そんなこと……冬総にとっては、初めてだった。
なんとなく気まずい空気なはずなのに、不思議と……冬総の箸は、止まっていない。
その理由は、至極単純なものだった。
「何でお刺身に醤油かけるの? ソースじゃないの?」
秋在が、いつも通りだからだ。
醤油を手にとった冬総を見て、秋在は怪訝そうな表情を浮かべている。
「いや、醤油だろ? ソースにしたら、刺身の味……壊れないか?」
「じゃあ、醤油かけてみる。……フユフサはソースかけて。挑戦する前からの決めつけは、損。

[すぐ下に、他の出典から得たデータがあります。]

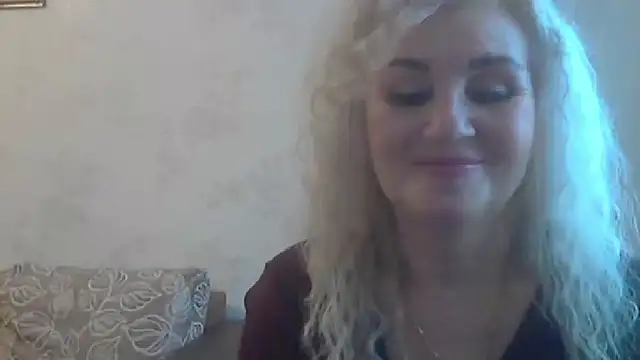 Snapshot of LadySexyBlond chatting on October 21, 2025, 3:29 am LadySexyBlond online show from October 21, 2025, 3:29 am
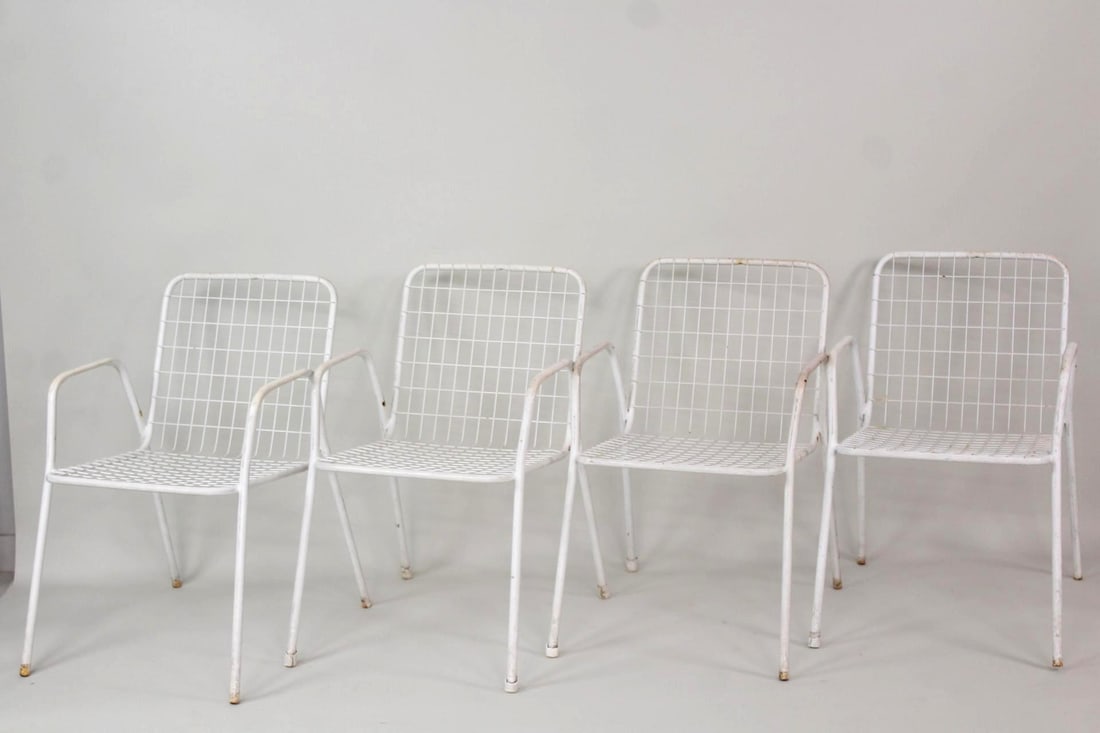 Set of 4 Mid-Century Modern Stacking Metal Outdoor Chairs (1 of 14)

良くないよ」
「マジかァ……」
渋々と、冬総はソースを手に取った。
着々と食事を進める二人は、まるで夫婦のように仲睦まじい。
しかし、たった一人。
「…………」
手を、一切動かさない人がいた。
(母さん……)
いきなり、普段通りに食事なんて……できるはずもない。
秋在の夕食を用意してくれたのは、驚きだったが。
いくら秋在の言葉に感銘を受けたと言えど……傷心しているこの状態は、なにもおかしくはない。
――なにか、声をかけなくては。
そう思った冬総が、口を開く。
「――冬総、ごめん……ごめん、なさい……っ」
冬総の言葉よりも先に、母親が喋った。
――涙を流し、嗚咽を混ぜながら。
口元を押さえて、母親は泣き始める。
慌てて、冬総は箸を止めた。
「な、泣くなよ、母さん……! 別に、俺は気にしてないから……!」
「謝って」
「秋在……?」
「もっと謝って」
母親を慰めようとした冬総とは、全く真逆の意見が飛んでくる。
勿論……出所は、秋在だ。
秋在は眉間に皺を寄せて、母親を睨んでいる。
「確かに、あの人とフユフサは似てる」
「秋在……」
「でも、フユフサの方がカッコいい」
「げほッ!」
不意打ちすぎる言葉に、冬総は堪らずむせた。
不遜な態度で座っている秋在に、母親は泣きはらした目を向ける。
「……秋在くん、だったかしら? うちの人だって、格好いいでしょう?」
「フユフサの方がカッコいい」
「それは、母親としては嬉しいわよ? でも、女としては複雑なの」
「ボクはボクとして意見してる。母親か女かは関係無い」
バチバチと、二人の間に火花が散った。……気がする。
(もしかして……秋在と母さんは、相性が悪い……のか?)
睨み合う二人を見て、話題の中心人物だというのに、冬総は口を挟めない。
明らかに、不穏な空気だ。
……だが。
「――まったく、酷い子だわ。……ねぇ、あなたもそう思わない?」
母親はそうぼやき、仏壇に飾られた遺影を振り返った。
(――こんな風に活き活きしてる母さんなんて、いつ振りだろ……)
これから、どうなるのかは……まだ、分からない。
だが……少なくとも、悪化はしないだろうと。そう、思ってしまった。
――母親が初めて、遺影を直視しているのだから。
喧嘩をしている二人を見ながら、冬総は思わず……破顔した。